“IF I had a blog,” my colleague Nick Lavigueur wrote in an email a few days ago, “I might be discussing this.”

I can barely bother any more to tell Nick that this is a column not a blog and that there is a difference .

So instead of emailing back to clarify the finer points of the English language, I just clicked on the link he provided.

And up popped a story which is indeed worth mentioning in this column – or indeed in a blog.

The people of the wonderfully named town of Stony Stratford in Buckinghamshire have withdrawn every single book from their library in a protest against plans to close it.

At one point last week the books were flying off the shelves at the rate of 378 per hour until every last one of the 16,000 titles was gone.

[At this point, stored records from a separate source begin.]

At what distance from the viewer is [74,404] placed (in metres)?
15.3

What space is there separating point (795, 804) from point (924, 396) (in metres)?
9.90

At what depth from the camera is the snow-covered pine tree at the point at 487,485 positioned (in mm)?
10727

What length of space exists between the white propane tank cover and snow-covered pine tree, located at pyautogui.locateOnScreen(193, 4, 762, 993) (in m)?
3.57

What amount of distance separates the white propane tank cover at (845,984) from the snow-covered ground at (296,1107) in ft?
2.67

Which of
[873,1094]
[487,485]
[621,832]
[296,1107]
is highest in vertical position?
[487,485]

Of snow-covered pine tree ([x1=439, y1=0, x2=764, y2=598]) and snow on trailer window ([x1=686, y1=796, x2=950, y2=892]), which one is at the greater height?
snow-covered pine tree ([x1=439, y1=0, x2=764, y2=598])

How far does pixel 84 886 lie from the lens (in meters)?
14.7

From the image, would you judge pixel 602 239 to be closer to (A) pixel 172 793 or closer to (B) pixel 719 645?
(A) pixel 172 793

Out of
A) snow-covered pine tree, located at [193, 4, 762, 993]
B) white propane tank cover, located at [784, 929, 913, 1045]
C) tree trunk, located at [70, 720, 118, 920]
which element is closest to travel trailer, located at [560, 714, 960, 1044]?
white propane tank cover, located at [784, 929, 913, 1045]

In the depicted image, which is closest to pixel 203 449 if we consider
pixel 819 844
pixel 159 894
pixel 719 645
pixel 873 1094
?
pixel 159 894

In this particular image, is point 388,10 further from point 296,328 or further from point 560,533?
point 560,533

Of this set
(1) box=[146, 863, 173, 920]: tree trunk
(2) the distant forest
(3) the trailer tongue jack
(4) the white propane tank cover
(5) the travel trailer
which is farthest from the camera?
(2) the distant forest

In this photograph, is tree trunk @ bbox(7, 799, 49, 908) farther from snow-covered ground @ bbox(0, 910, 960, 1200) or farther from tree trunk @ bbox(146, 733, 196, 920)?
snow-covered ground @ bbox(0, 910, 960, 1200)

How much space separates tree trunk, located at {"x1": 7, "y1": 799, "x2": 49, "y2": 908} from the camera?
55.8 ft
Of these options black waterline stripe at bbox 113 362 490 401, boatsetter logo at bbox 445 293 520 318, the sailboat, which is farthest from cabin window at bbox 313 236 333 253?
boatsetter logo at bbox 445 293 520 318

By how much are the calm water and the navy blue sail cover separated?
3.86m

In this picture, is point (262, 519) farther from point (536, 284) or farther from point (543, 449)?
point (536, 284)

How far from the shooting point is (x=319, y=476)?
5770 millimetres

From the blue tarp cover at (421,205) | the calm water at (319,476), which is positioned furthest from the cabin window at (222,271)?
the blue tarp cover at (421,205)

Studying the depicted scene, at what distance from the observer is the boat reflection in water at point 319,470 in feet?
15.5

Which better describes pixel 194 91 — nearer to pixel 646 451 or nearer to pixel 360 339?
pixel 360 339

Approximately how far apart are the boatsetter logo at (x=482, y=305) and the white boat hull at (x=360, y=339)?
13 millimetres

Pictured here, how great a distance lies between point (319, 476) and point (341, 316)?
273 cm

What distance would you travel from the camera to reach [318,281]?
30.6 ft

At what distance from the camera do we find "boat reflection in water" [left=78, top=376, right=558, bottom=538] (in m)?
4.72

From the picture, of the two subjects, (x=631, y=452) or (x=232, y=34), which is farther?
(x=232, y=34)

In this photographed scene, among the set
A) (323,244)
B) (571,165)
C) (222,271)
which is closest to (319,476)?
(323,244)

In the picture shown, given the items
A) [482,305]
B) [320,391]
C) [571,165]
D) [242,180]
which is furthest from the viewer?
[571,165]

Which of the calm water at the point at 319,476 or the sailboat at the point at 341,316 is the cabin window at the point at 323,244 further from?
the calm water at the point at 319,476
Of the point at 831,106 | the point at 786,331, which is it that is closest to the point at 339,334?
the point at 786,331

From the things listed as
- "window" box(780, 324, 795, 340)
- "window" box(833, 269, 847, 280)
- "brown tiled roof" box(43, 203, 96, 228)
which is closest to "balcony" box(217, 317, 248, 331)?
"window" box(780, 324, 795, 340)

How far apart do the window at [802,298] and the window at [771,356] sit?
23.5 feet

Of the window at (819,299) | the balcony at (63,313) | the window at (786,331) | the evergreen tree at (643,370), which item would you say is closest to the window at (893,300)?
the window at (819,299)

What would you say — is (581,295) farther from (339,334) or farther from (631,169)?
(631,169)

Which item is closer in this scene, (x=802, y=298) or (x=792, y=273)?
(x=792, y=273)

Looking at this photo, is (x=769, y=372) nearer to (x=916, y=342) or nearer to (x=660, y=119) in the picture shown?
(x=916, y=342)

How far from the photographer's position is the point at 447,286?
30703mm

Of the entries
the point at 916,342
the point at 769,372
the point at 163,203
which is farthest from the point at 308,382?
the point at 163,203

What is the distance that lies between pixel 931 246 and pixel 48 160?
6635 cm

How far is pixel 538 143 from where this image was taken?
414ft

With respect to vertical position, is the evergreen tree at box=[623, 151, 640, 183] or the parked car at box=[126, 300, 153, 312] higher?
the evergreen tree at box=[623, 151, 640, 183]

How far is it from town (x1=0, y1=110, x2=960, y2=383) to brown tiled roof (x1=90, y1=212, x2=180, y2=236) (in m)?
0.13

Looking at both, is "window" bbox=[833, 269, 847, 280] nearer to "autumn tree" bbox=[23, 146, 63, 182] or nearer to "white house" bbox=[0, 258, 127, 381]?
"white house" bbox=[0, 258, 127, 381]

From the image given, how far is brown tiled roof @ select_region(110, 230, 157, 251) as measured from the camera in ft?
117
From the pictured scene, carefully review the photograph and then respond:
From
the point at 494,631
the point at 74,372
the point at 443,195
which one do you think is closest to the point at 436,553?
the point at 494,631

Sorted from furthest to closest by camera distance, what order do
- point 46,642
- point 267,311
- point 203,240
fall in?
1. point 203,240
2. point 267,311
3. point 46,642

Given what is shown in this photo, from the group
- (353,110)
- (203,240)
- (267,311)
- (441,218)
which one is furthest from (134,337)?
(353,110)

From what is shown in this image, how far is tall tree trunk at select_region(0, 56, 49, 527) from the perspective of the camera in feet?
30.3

This may not make Milton Keynes Council reconsider its plan to close Stony Stratford Library – that £26m budget reduction isn’t going to cut itself.

But even if this was a forlorn effort, the people of the Buckinghamshire town should be saluted for their determination and inventiveness in attempting to save their library.

Withdrawing a lot of books is a very English form of protest and perhaps it will catch on in other parts of the country.

Like here for example. If I was the user of a village library in Kirklees – and to my discredit, I am not – I would be thinking of ways to save it.

Because next month’s budget announcement from Kirklees Council is unlikely to bring good news for libraries – particularly in towns between Huddersfield and Dewsbury which start with the letter “M”.